_EXERCISE BRIEF_.
Reproduce exactly the run of lines that begins with the one containing "Certified 2025 Volkswagen Taos S image 20" and ends with the last line of the records, omitting pictures.

Short web captions
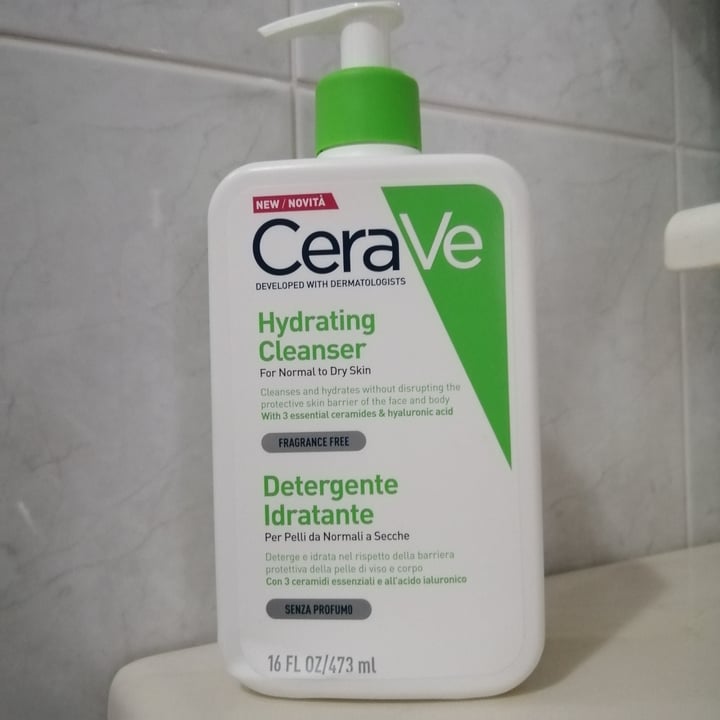 photo of CeraVe Detergente idratante shared by @valevalentina on  01 Oct 2022 - review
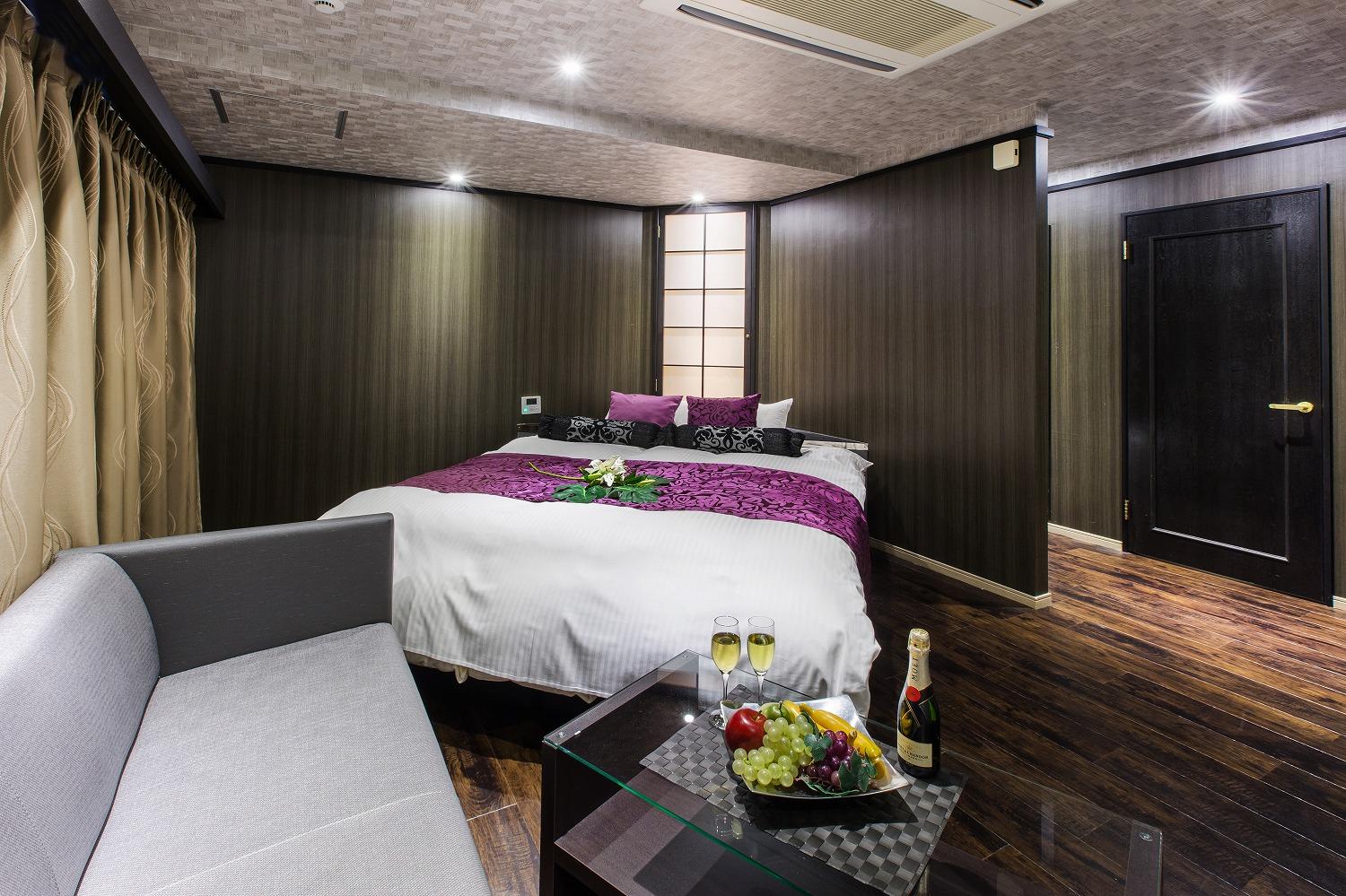 Cover Image for Hotel High Up Hiroshima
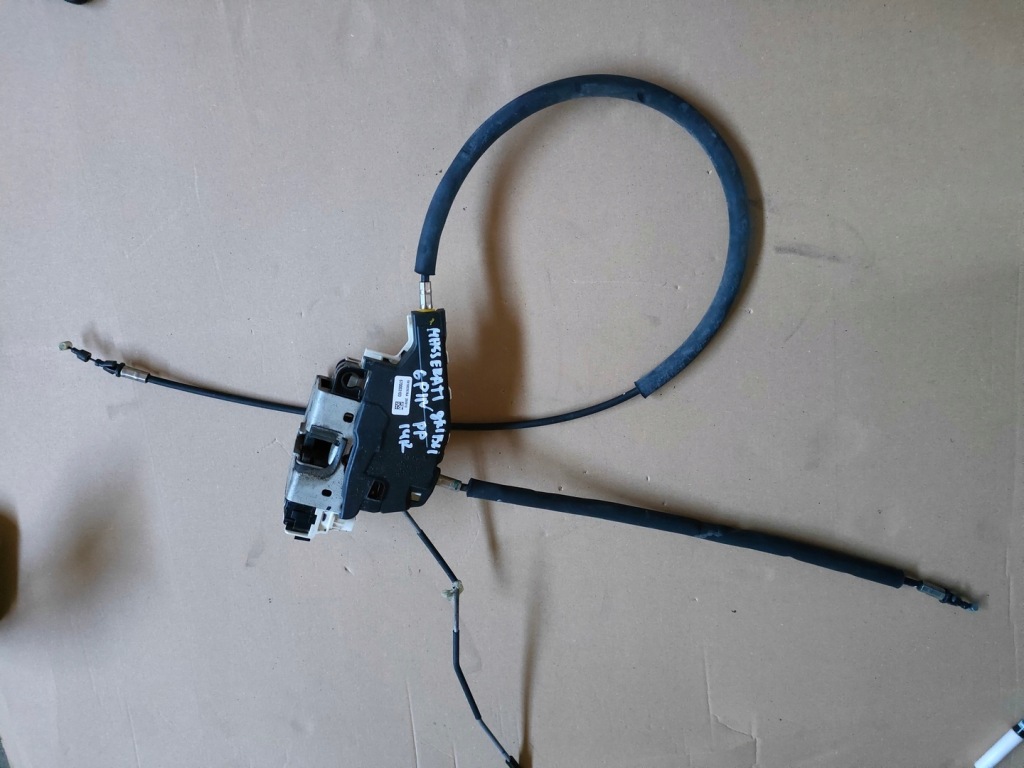 фото №1, Maserati ghibli замок двері правий перед europa 6pin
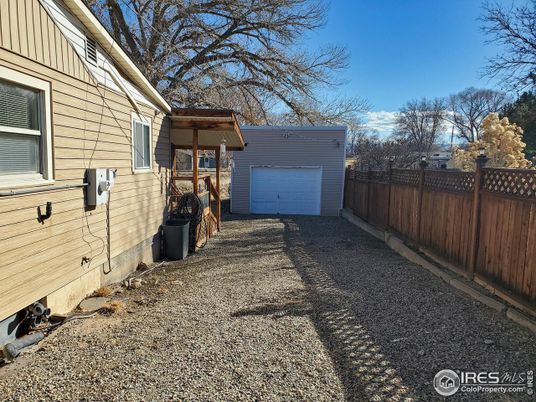 Detached Garage, Exterior
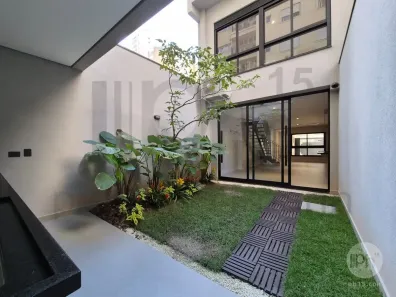 Casa com 2 Quartos à venda, 140m² no Vila Nova Conceição, São Paulo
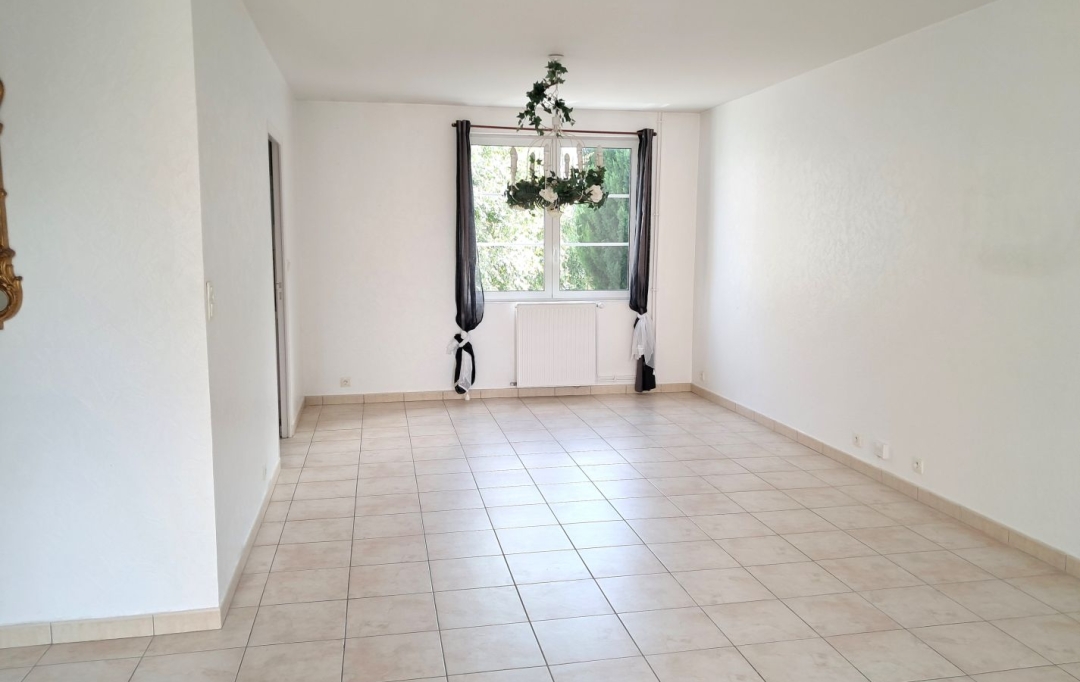 REPUBLIQUE IMMOBILIER : Maison / Villa | SENS (89100) | 102 m2 | 895 € 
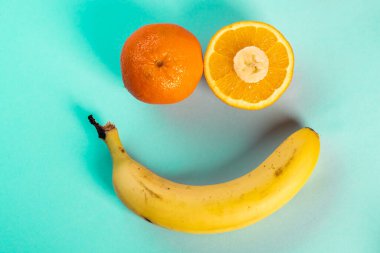 Portakallar ve muz masada.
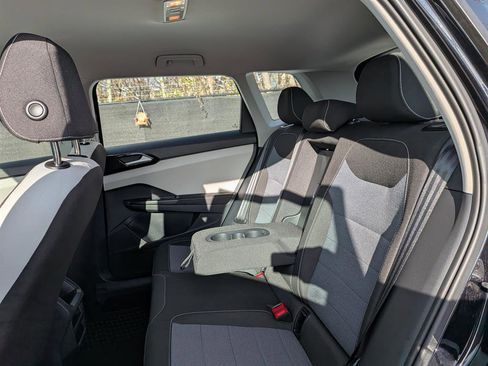 Certified 2025 Volkswagen Taos S image 20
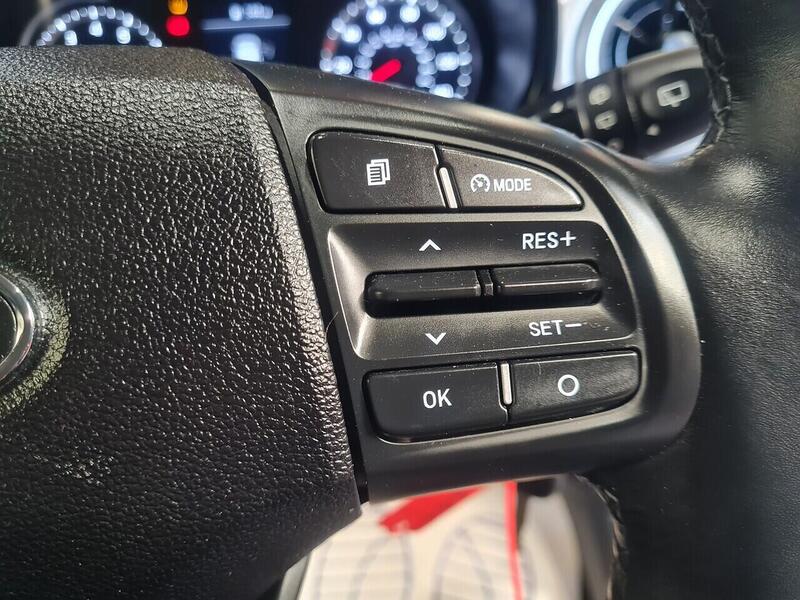 Hyundai 1.2 Premium Hatchback 5dr Petrol Manual Euro 6 (s/s) (84 ps)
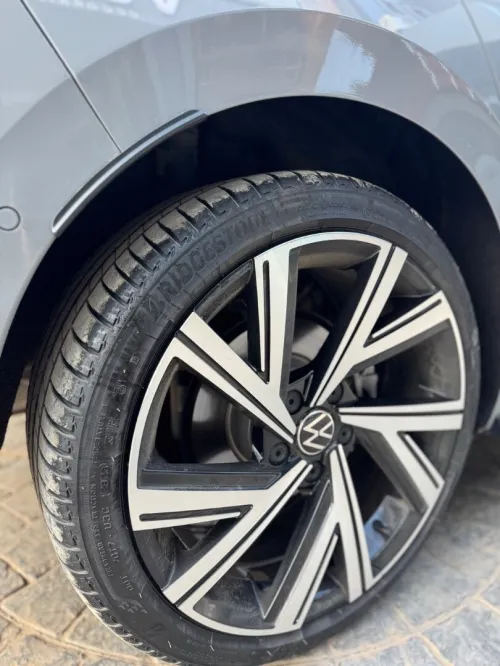 Volkswagen Golf 8 2025 R-Line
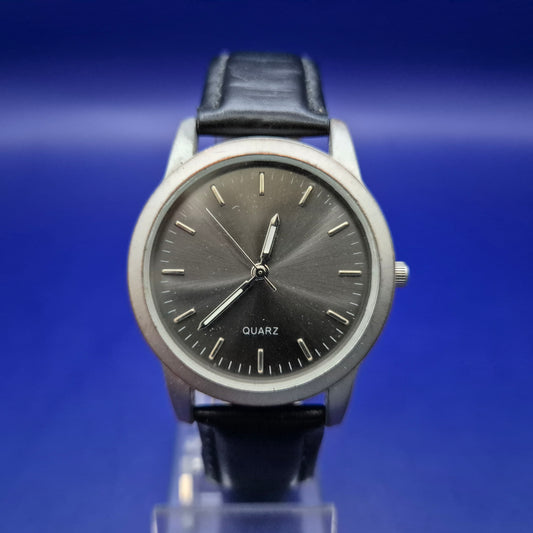 Schlichte Herren Uhr in Anthrazit – Zeitloses Design mit Lederarmband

_ANSWER FOR THIS EXERCISE_.
 Certified 2025 Volkswagen Taos S image 20
 Hyundai 1.2 Premium Hatchback 5dr Petrol Manual Euro 6 (s/s) (84 ps)
 Volkswagen Golf 8 2025 R-Line
 Schlichte Herren Uhr in Anthrazit – Zeitloses Design mit Lederarmband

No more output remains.